Results 1 to 10 of 10

Thread: mySQL LIKE

  1. #1
    Join Date
    Aug 2005
    Posts
    174
    Thanks
    3
    Thanked 0 Times in 0 Posts

    Default mySQL LIKE

    Hello,

    I have a field in my table with a string of letters, each letter represents a "feature" of a product.. e.g. if a product has touch screen and has bluetooth the string would be tb.

    This gets a little complicated when a product has lots of features like this
    Code:
    scbmrtl
    Using mySQL LIKE, i would want to search for products with multiple features.

    How can i construct search string in order for this to work?

    PHP Code:
    Features LIKE '$searchstring' 
    i have tried %t%b% but this doesnt always work... like in the string above..

  2. #2
    Join Date
    Jan 2007
    Location
    Davenport, Iowa
    Posts
    2,385
    Thanks
    100
    Thanked 113 Times in 111 Posts

    Default

    Code:
    select column from table where column regexp '[scbmrtl].*[scbmrtl]'
    Is the best I can think of. The above will match 'ss' and 'scb' and 'sss' and 'eppsppt' but not 's' or 'zvc'. It is designed to look for at least two letters (from your list) in your column even if the same one is listed twice.
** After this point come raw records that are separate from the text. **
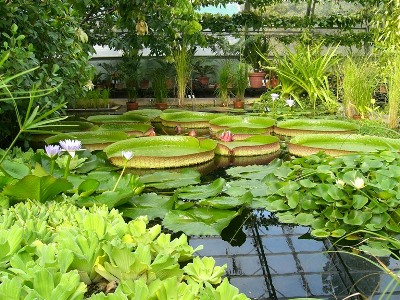 Botanical_Garden_3.JPG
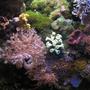 fish tank picture - Various corals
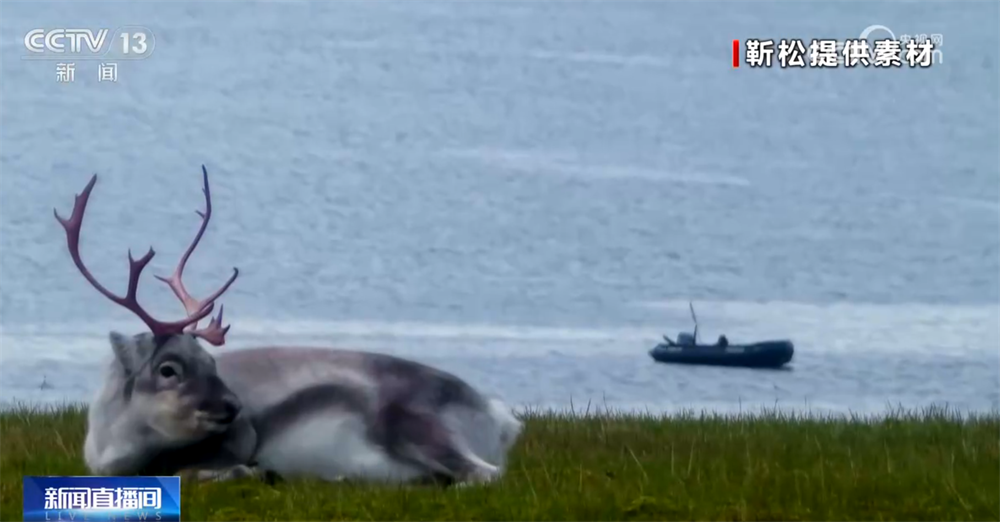 杭州市三医院黄牛代挂号电话票贩子号贩子网上预约挂号,住院检查加快,“科技范儿”“悦己型”……银发消费花式“上新”潜能迸发 服务供给加速升级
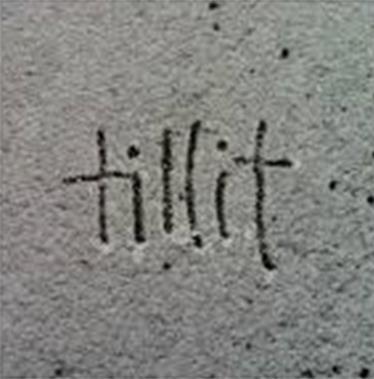 Tillit i fokus!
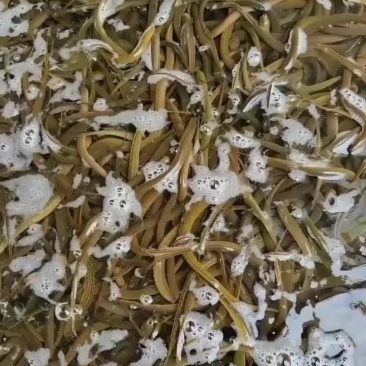 黄鳝鱼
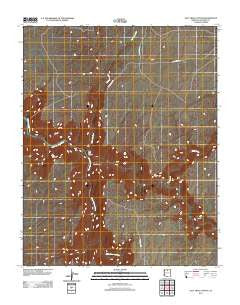 Salt Trail Canyon Arizona Historical topographic map, 1:24000 scale, 7.5 X 7.5 Minute, Year 2011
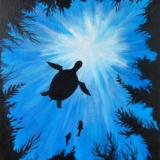 Turtle Cove
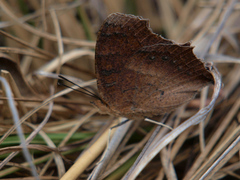 Catacroptera cloanthe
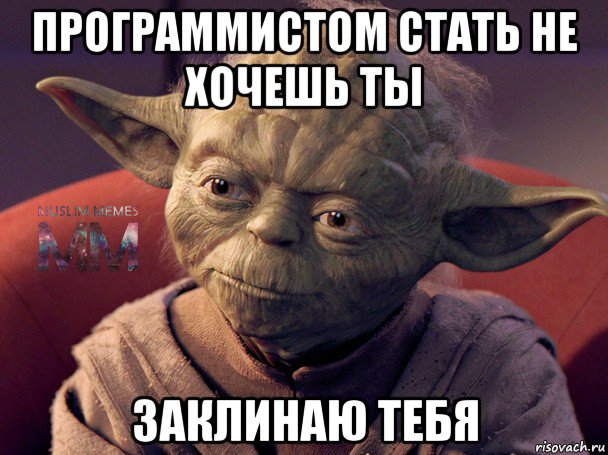 программистом стать не хочешь ты заклинаю тебя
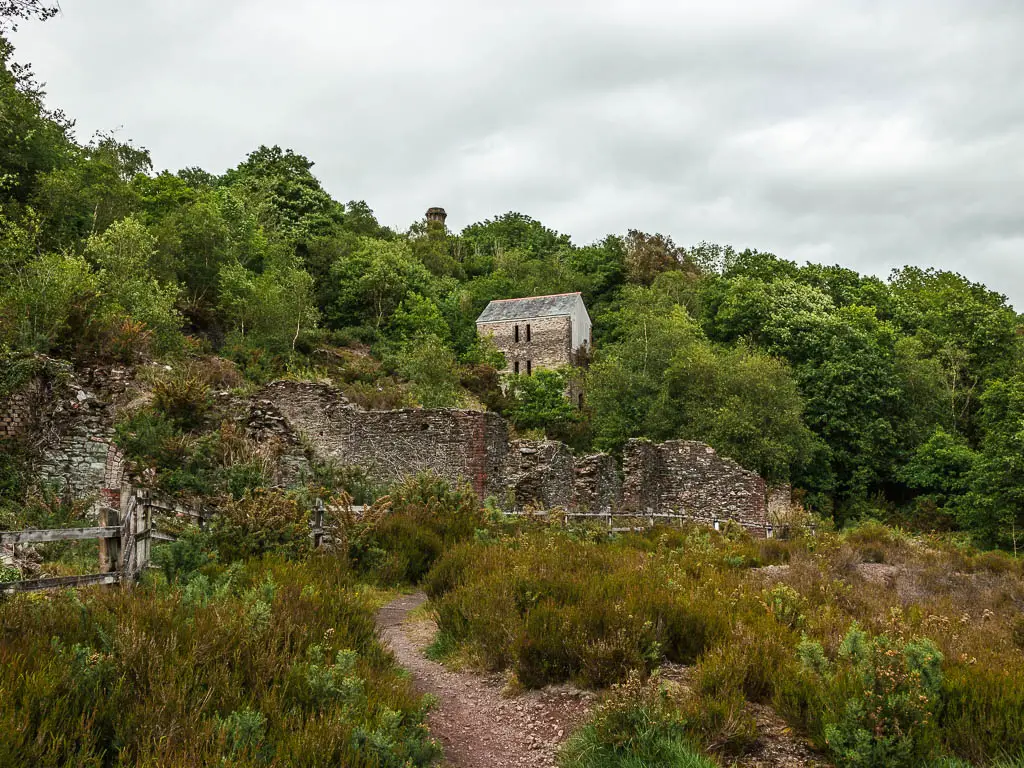 Bush tufts on the ground with the ruins of a stone wall ahead on the Casltock riverside walk. There is  an engine house rising up behind the wall, nestled within the trees.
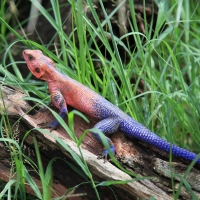 Agama.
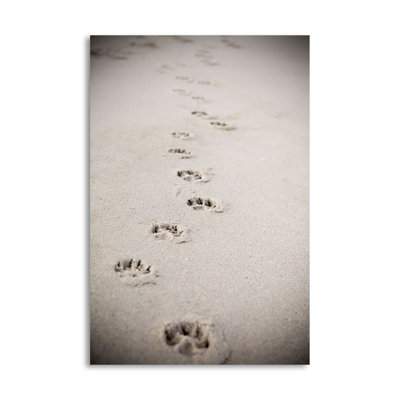 " Paw Prints " by Karyn Millet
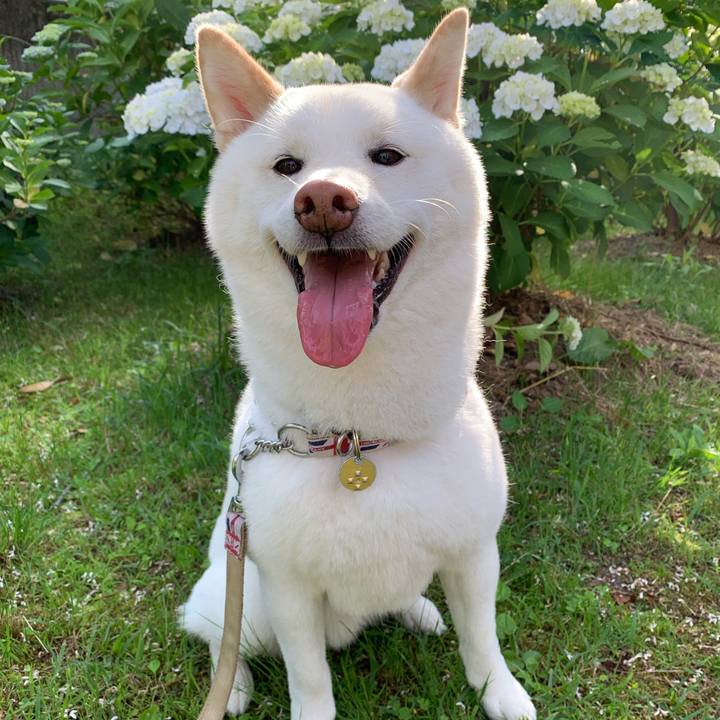 E3fa24d1 cca1 4ffc 8f72 8ba3b46551ed 1591313167176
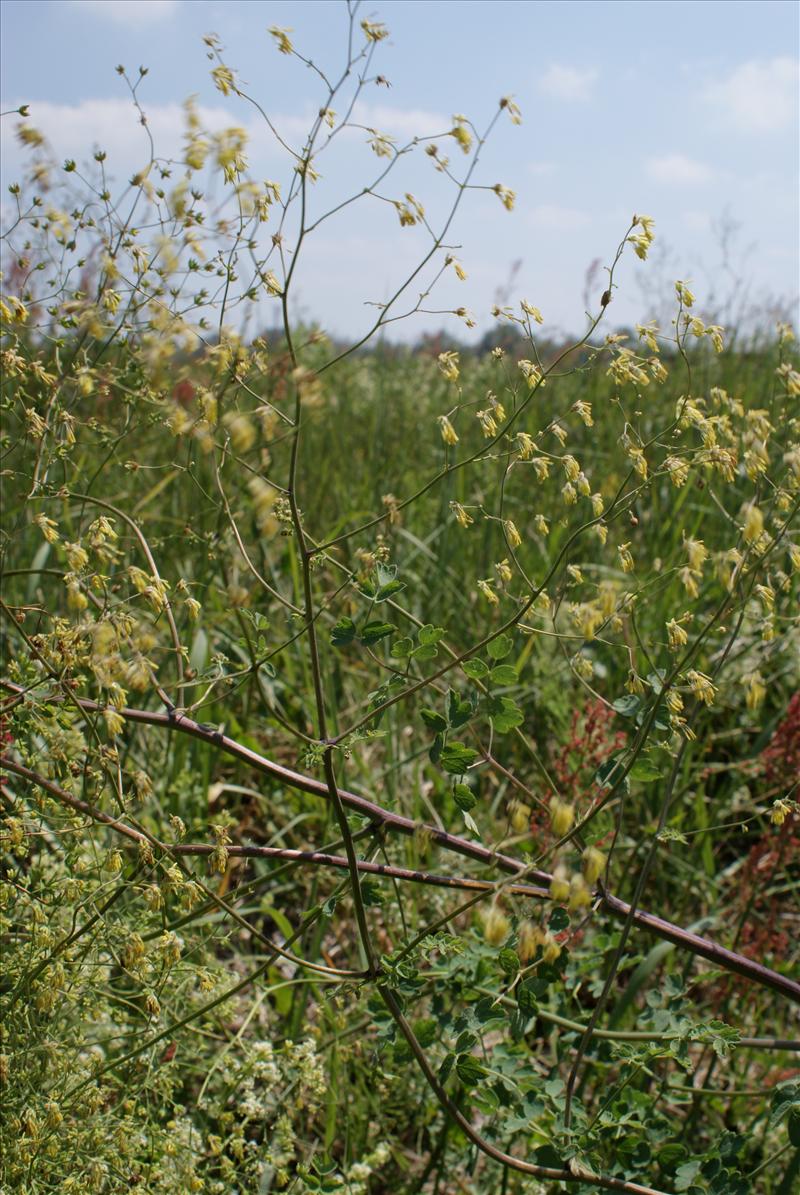 Thalictrum minus (door Adrie van Heerden)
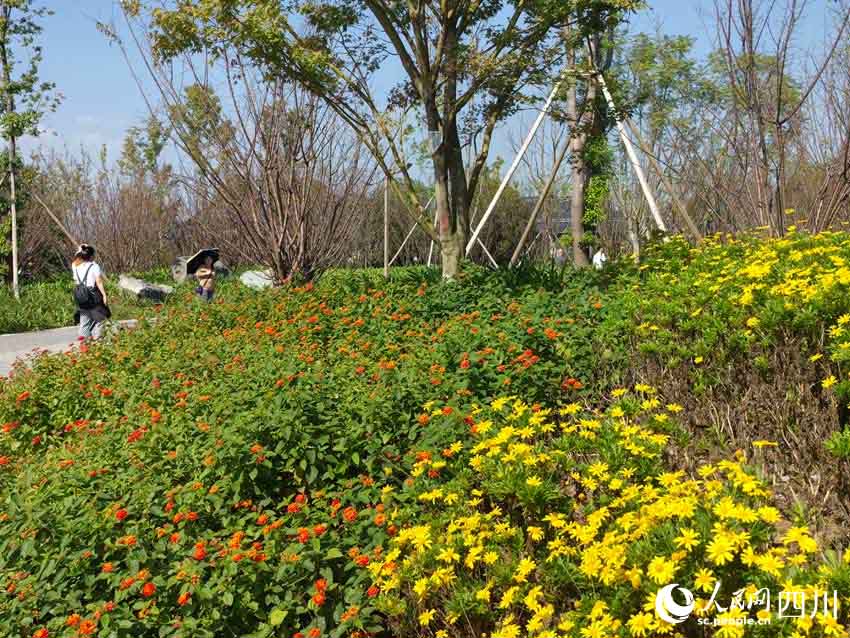 2024 жыл?ы Чэнду д?ниеж?з?л?к бау-ба?ша к?рмес? жабылды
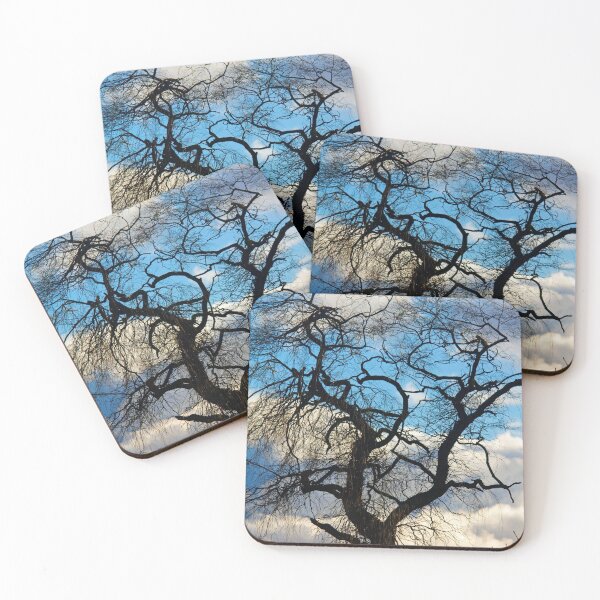 Item preview, Winter's one tree designed and sold by RichImage.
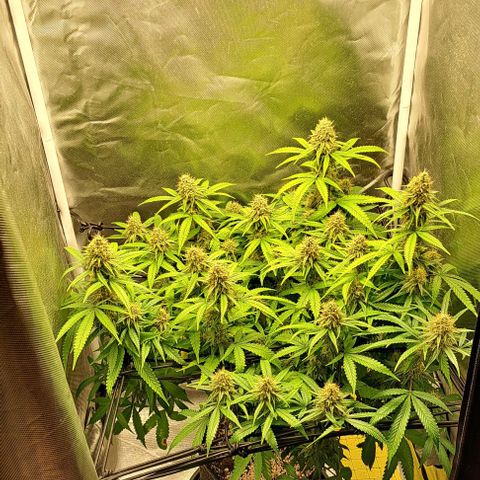 Damnesia growlog timeline photo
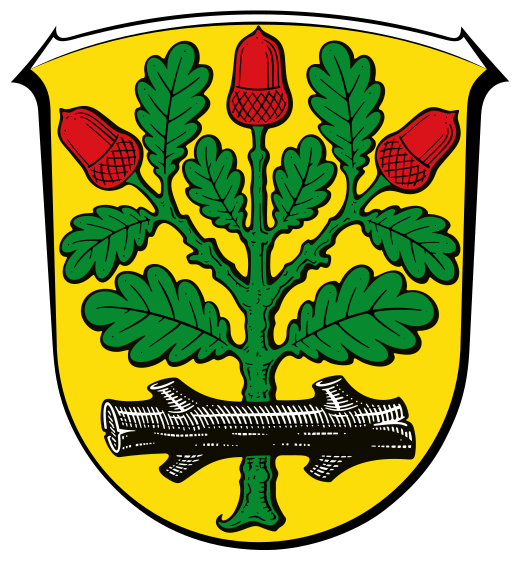 Naheliegendes Ersatzwappen für REC Langen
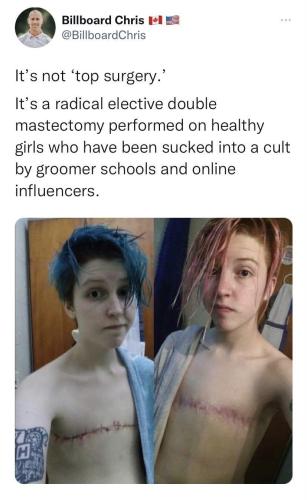 groomer caused mastectomy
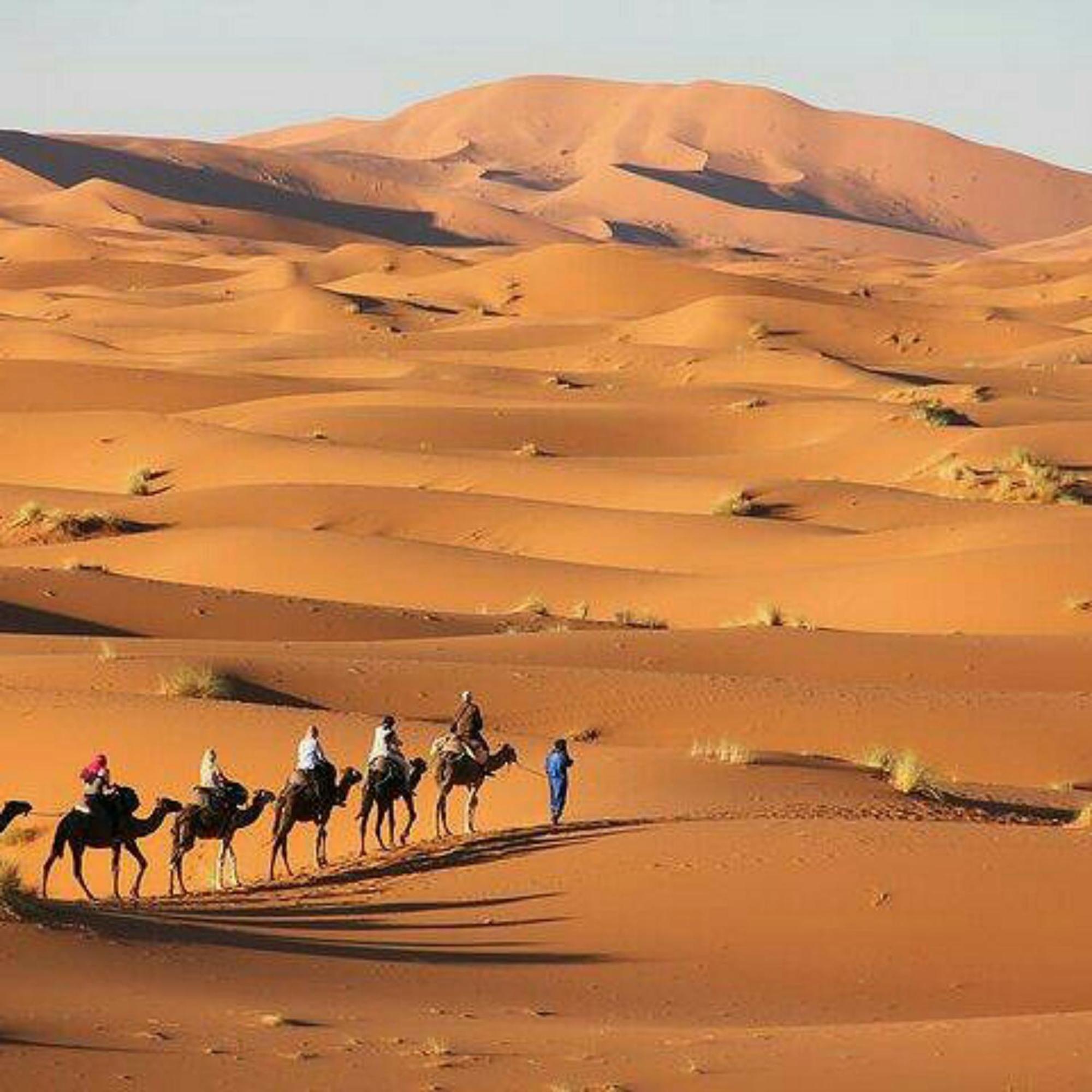 Best Desert Luxury Camp メルズーガ エクステリア 写真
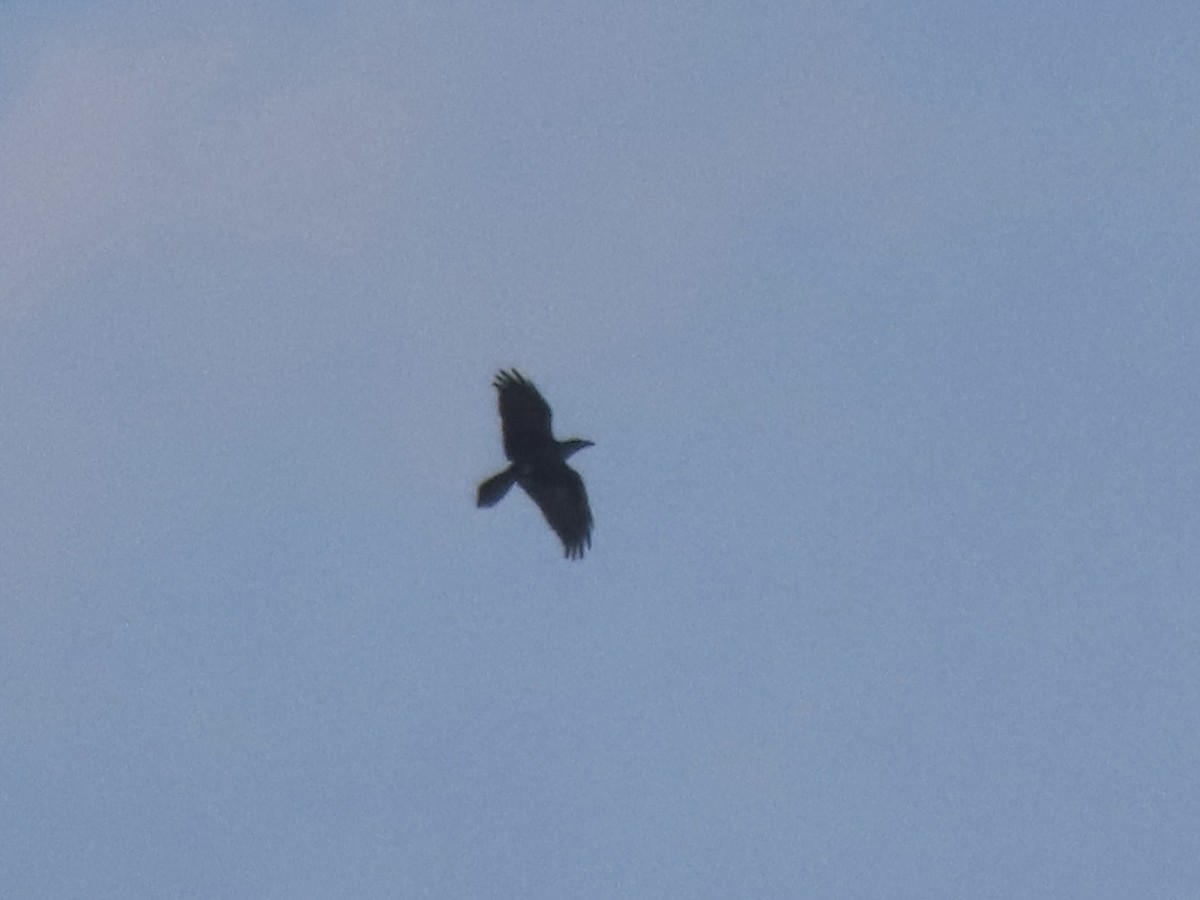 Common Raven - ML622866288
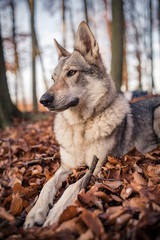 Kaira is a Czechoslovakian wolfdog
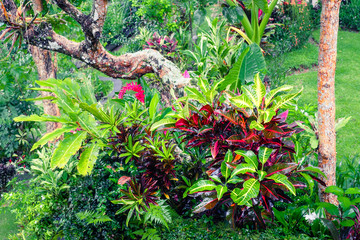 Fantasy tropical plants  in mossy garden
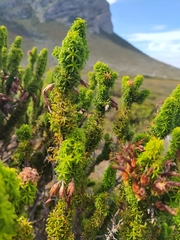 Erica coccinea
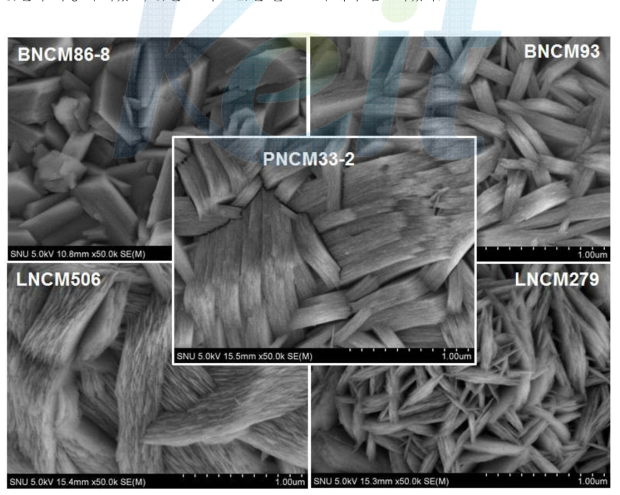 NCM, LNCM SEM image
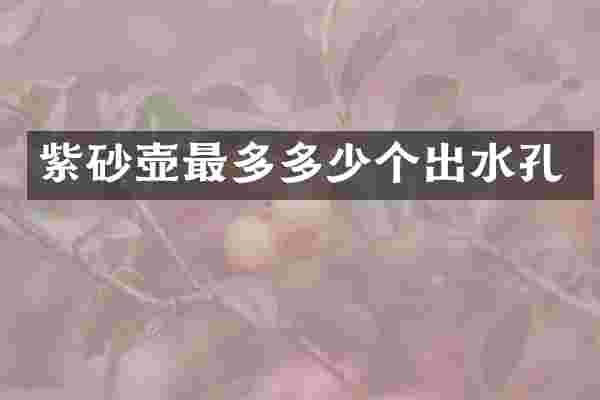 紫砂壶最多多少个出水孔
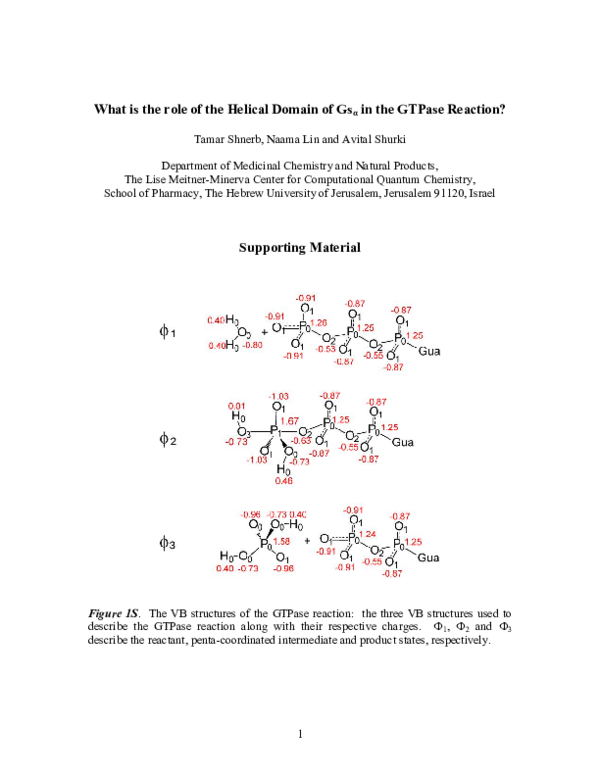 (PDF) What Is the Role of the Helical Domain of Gs α in the GTPase ...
    I was wracking my brains to try and get LIKE to work, but couldn't get anything to work. The more I thought about it your problem was begging for a regexp to step in. It is best to avoid using regexp except when you need it, because regexp tends to be server heavy. This may not be the case with MySQL queries like it is with PHP, but I doubt it. To read up more on regexp and MySQL go here.

    EDIT: Actually I think I could write out the code where LIKE would be used instead of using regexp, but the query would be around 15 to 20 times longer and would probably be just as server heavy as the above code if not more so.
    Last edited by james438; 12-31-2008 at 08:05 AM.
    To choose the lesser of two evils is still to choose evil. My personal site

  3. #3
    Join Date
    Jun 2005
    Location
    英国
    Posts
    11,876
    Thanks
    1
    Thanked 180 Times in 172 Posts
    Blog Entries
    2

    Default

    This is a fine example of how not to design your tables.

    There are two options, both of which are superior to this:
    1. Use a separate column boolean for each feature, or
    2. Use a bitset.
    Using separate columns may make your table quite wide, but is also the simplest (and probably most 'correct') way of doing it. The biggest disadvantage is that when adding a new feature you must add a whole new column. If you're not going to be adding new features to the table very often, that probably doesn't matter.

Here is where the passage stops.